Prototype Development

As consumers evolve to expect more intelligent solutions, companies are beginning to develop prototypes that automate time-consuming tasks.

A good example of this is Amazon Go, which is a contactless payment system that is implemented in Amazon's grocery stores. Consumers can pick the items of their choice and walk out without having to check out. The cost of their items is deducted online through a digital payment solution.

Developing prototypes of intelligent services like this requires companies to collect a vast amount of data. Small businesses are challenged in this regard because they lack the customer base that companies like Amazon have. Synthetic data offers an elegant solution.

Synthetic data providers generate large datasets based on user-defined parameters and smaller sets of real-world data. As a result, small companies can develop and test their prototypes in cost-effective ways.

San Francisco based startup Standard Cognition is developing an AI-powered checkout system similar to Amazon Go for brick and mortar retailers to use as a service. The result is a cost-effective checkout solution that allows brick and mortar retailers to circumvent Amazon and the data sharing that comes with using Amazon.

As Standard co-founder Jordan Fisher explains, "Amazon’s technology is very expensive. Standard Cognition is essentially a retrofit, so it has to be cheap and flexible enough to easily deploy in an existing store. With Amazon, everything is custom, down to the shelves. That costs millions, and the end result is turning your store into an Amazon Go store in everything but name."

Building Flexibility in Modeling Processes

Real-world data is rigid, and its use is strictly regulated. Aside from data privacy issues, companies have to worry about copyright infringement as well.

Synthetic data helps them sidestep all of these issues and generate as many scenarios as possible without fear of overstepping their boundaries.
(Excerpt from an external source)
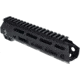 Stern Defense SD MOD4 M-Lok Handguards 8in, Black, 002-SD HG8 MOD4-M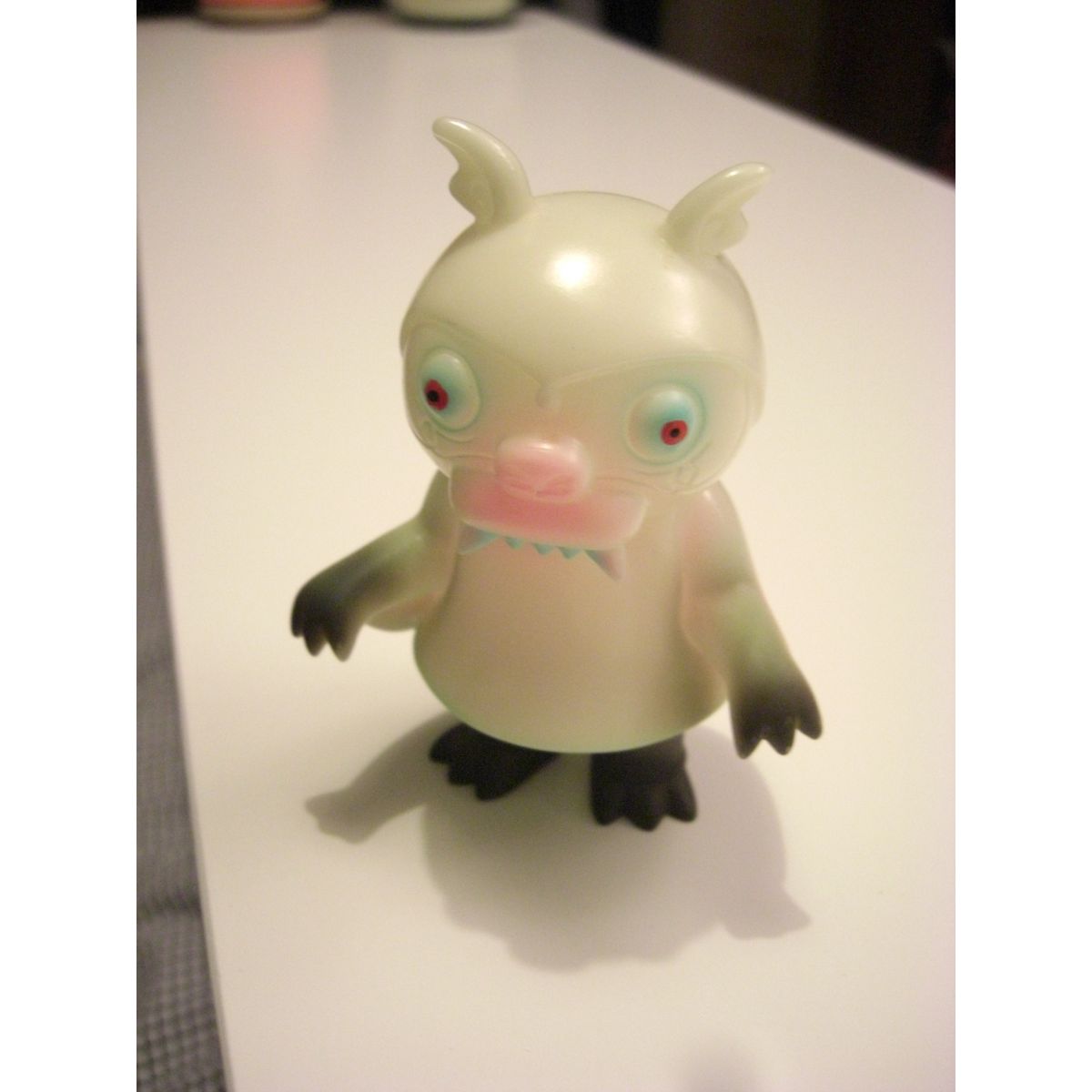 Mini Steven - WTF Edition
As a result, companies can create more robust testing processes at a lesser cost than finding and cleaning real-world data. Their products can be launched to market faster thanks to being trained on a variety of models during the development stage.

Artificial but Impactful

On the surface of it, synthetic data might be dismissed as having limited usefulness. However, thanks to advanced data generation techniques, these data can replicate real-world scenarios with high levels of accuracy.

AI represents a massive leap forward for businesses everywhere, and synthetic data allows companies of all sizes to compete.